Testimony begins in New York federal sex trafficking trial
The first witness in the sex trafficking trial of Tal, Oren and Alon Alexander testified Tuesday that a party night associated with actor Zac Efron turned into a sexual assault in which she said Alon Alexander repeatedly raped her. She told jurors that, after attending a celebration at Efron’s New York apartment and later ending up in another apartment, she tried to get up and resisted sex but was overpowered.
The woman, who testified under a pseudonym, told the jury that she was 20 and an anthropology major in college when she met two of the brothers at the party tied to the final game of the 2012 NBA Finals. She said she accompanied a friend who had recently met Tal Alexander and who invited her to Efron’s apartment to watch the game, and she described limited interaction with Efron, who is not accused of wrongdoing in the case. She testified that she later went to an afterparty at a Manhattan nightclub, where she said she was given a drink and remembered little afterward until she woke up naked on a bed in another apartment with Alon Alexander.
According to her testimony, Alon Alexander was standing over her, and she said she repeatedly tried to get up while he kept pushing her back. She told jurors she said: “I don’t want to have sex with you.” She said Alon Alexander responded, “Haha, you already did,” and laughed at her.
The witness told the jury that Tal Alexander briefly walked into the room while the assault was occurring but did nothing to stop it. She described Tal Alexander as “super nonchalant” and said she remained in a defensive posture before fleeing after Alon Alexander fell asleep. She said she later reached out years afterward to friends she had told about the experience so she could be reminded that others loved her, and she became choked up and cried at multiple points during her account.

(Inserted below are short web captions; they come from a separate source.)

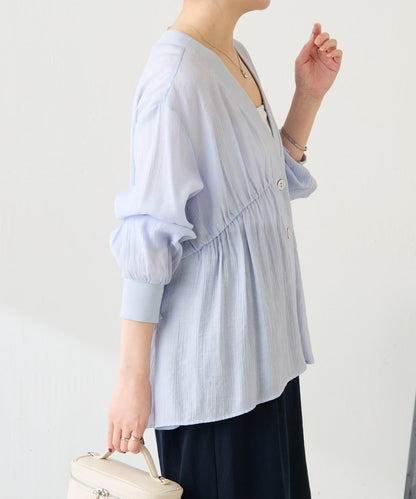 修飾身形 褶皺拼接 襯衫式開衫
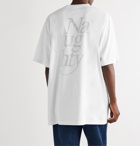 Vetements - Oversized Glittered Printed Cotton-Jersey T-Shirt - White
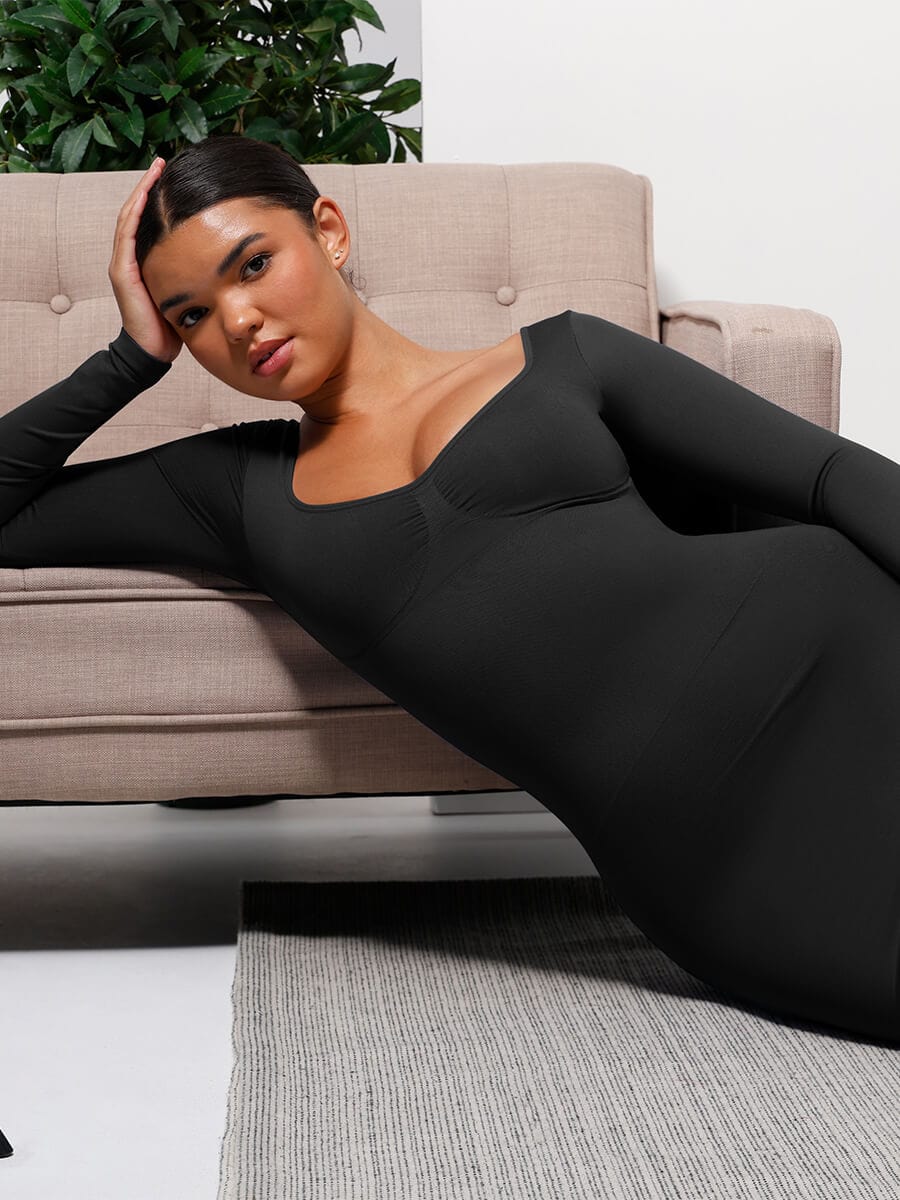 LINDA Sculpt black shaping dress – close-up lifestyle view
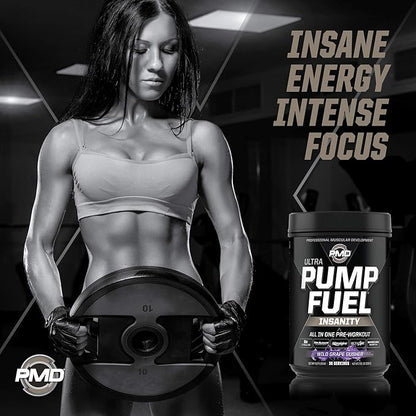 PMD Sports Ultra Pump Fuel Insanity - Pre Workout - Grape Gusher (30 Servings) Sports Omega Cuts Elite Thermogenic Fat Burner (90 Softgels)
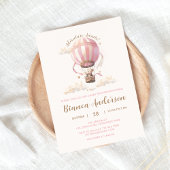 Pink Hot Air Ballon Babydusche Einladung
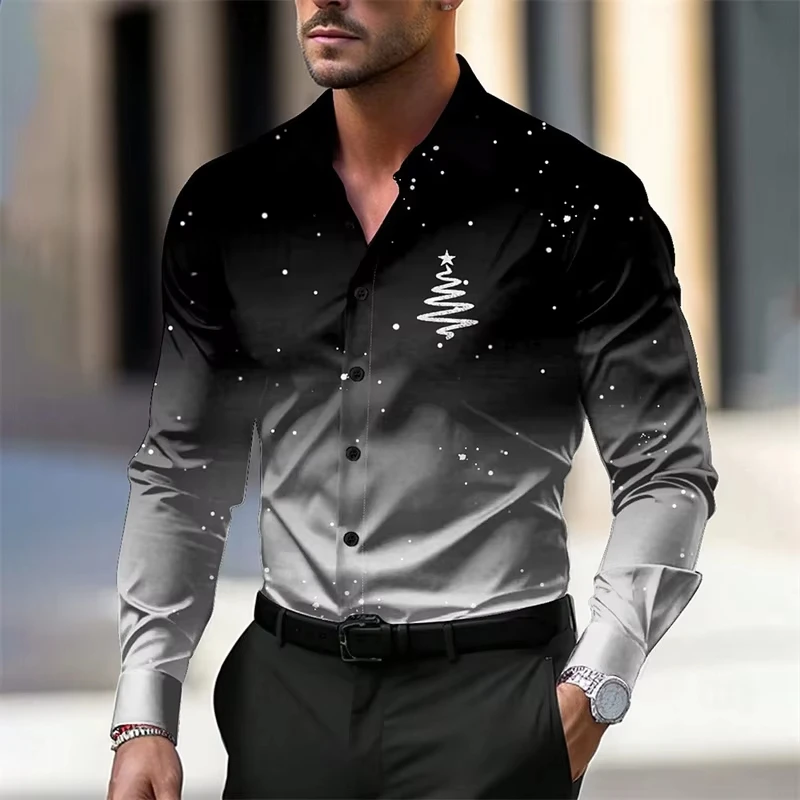 

Men's Holiday Ready Christmas Tree Print Button Lapel Shirt Long Sleeve XS-6XL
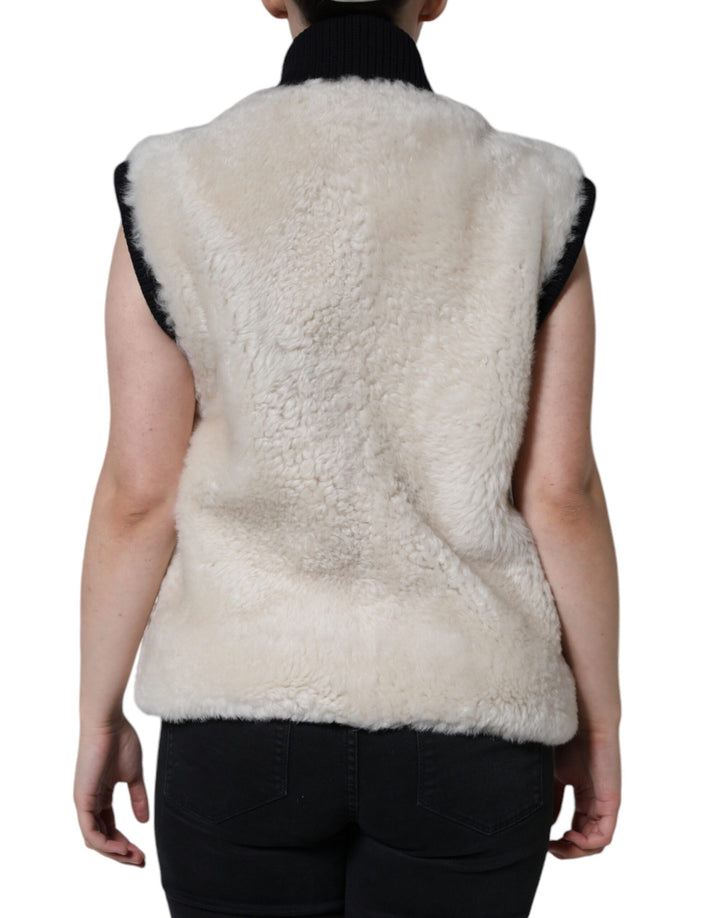 White WARRENFORD Shearling Leather Vest Coat Jacket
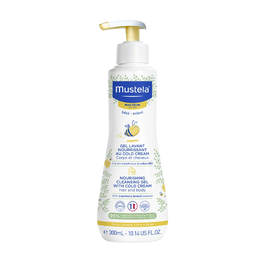 Mustela BEBÉ Gel Limpiador Nutritivo al Frío - Gel de Baño para Bebés y Niños con Cold Cream, 98% Ingredientes Naturales, 300 ml
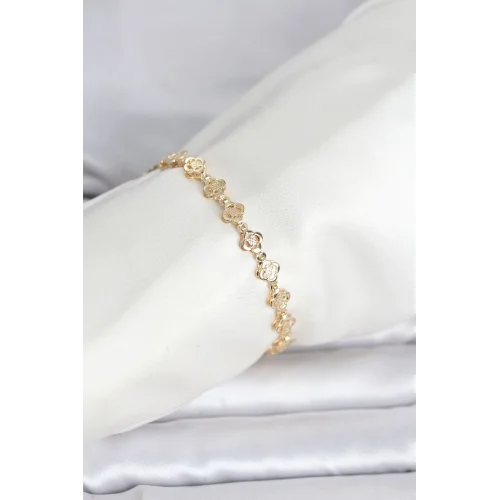 Mey İthalat® CM 14K Gold Renk Yonca Model Kadın Bileklik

In her opening statement, Assistant U.S. Attorney Madison Smyser told the jury that the Alexander brothers “masqueraded as party boys when really they were predators.” Smyser said they used “whatever means necessary” — including luxury accommodations, flights, drugs, alcohol and sometimes brute force — to lure women into situations where they could be raped.
Defense attorneys for the brothers pushed back on the account. Attorney Teny Geragos, representing Oren Alexander, urged jurors to reject prosecutors’ “monstrous story,” and Attorney Deanna Paul, representing Tal Alexander, warned that the trial’s subject matter would be disturbing and would seem like an R-rated movie after prosecutors portrayed the brothers as “monsters.” Paul also told jurors they should reject the criminal charges if they concluded that the accusers’ testimony was unreliable.
Paul told the jury that in their early 20s, Tal and his brothers were party boys, saying they were womanizers who slept with many, many women, and she urged the jury to disregard the prosecution’s framing. Geragos argued that prosecutors’ characterization of the witnesses was inconsistent with the defense view that the sex was consensual, and he pressed the idea that some of the accusers were hoping to enrich themselves with lawsuits and presented themselves as victims only after feeling regret about using illegal drugs or having sex outside of relationships.
Prosecutors say the brothers — two of whom were high-end real estate brokers — teamed up to drug and rape women and girls over several years, and they allege that they used their ties to the wealthy and famous to lure victims. An indictment alleges the men conspired to entice women to join them at vacation destinations such as New York’s Hamptons by providing flights and luxury hotel rooms. The brothers have been held without bail since their December 2024 arrest in Miami, where they lived.